The day is nearly at hand when passengers arriving at LAX will be able to hail a ride with their smartphones.
The Los Angeles City Council on Tuesday voted 9-6 to allow app-based rideshare services including Uber and Lyft to pick up passengers at Los Angeles International Airport.
But Tuesday’s vote, which upheld a decision last month by the city’s airport commission, also included measures asking city officials to study requiring more extensive background checks for ridesharing drivers, specifically fingerprinting. Taxicab companies opposed to allowing ridesharing companies at LAX had raised safety and security concerns about drivers for these services.
Nonetheless, the vote is a victory for the ridesharing services and for Mayor Eric Garcetti, who promised in his State of the City speech in April to have the rideshare companies picking up passengers at LAX by this summer. Upon Garcetti’s signature – expected in the next few days – LAX will be the largest airport in the country so far to greenlight rideshare services.
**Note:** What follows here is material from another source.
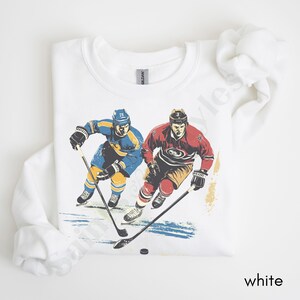 Vintage Hockey Sweatshirt, 90s Retro Hockey Crewneck Sweater, Unisex Hockey Shirts, Hockey Dad Gifts, Hockey Lover Shirts, Hockey Apparel image 3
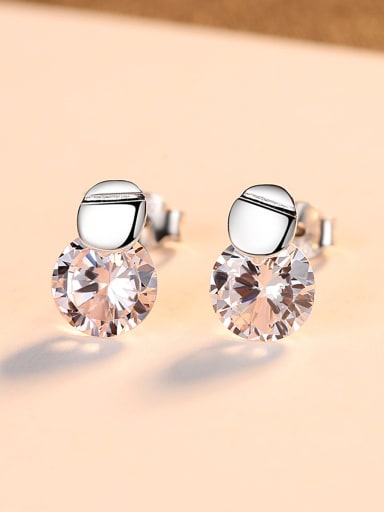 925 Sterling Silver Withd Cute Round  Crystal Stud Earrings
Currently, ridesharing companies can drop off passengers at the airport but are banned from picking them up, a system that Councilman Mike Bonin, a supporter of allowing the ridesharing firms to operate at the airport, said consumers find baffling. Many rideshare drivers have skirted the rules by arranging to have arriving passengers walk with their luggage to nearby hotels or other offsite pick-up points.
Responding to the vote, Lyft issued a short statement: “Consumers won today, and we applaud the City Council for welcoming ridesharing to the airport.”
The airport commission’s plan would, among other things, require rideshare drivers to pay a $4 fee for picking up or dropping off passengers at LAX, force them to use the airport’s upper departures concourse and limit the number of rideshare vehicles that can wait on airport grounds for fares.
But it deferred to the state’s Public Utilities Commission on the controversial issue of background checks for rideshare drivers. Taxicab companies seized on the issue, saying the PUC’s background check requirements fall short of what’s needed and pointing to revelations that several Uber drivers had criminal records.
Taxicab companies, while not pleased with the overall vote, did praise the Council for the amendments calling for more extensive background checks of rideshare app drivers.
“Today’s vote is a step in the right direction to improve the safety of passengers who choose to use rideshare apps such as Uber,” said William Rouse, general manager of Los Angeles Yellow Cab and a spokesman for the local cab industry. “The city has the authority to ensure better background checks and today signals a good first step toward protecting the consumer when calling for a rideshare.”
Besides the call to explore more extensive background checks of rideshare drivers, amendments introduced by Councilman Paul Krekorian also ask the airport commission to develop a transportation complaint line for customers using any transportation service, including ridesharing, taxis, buses and shuttles.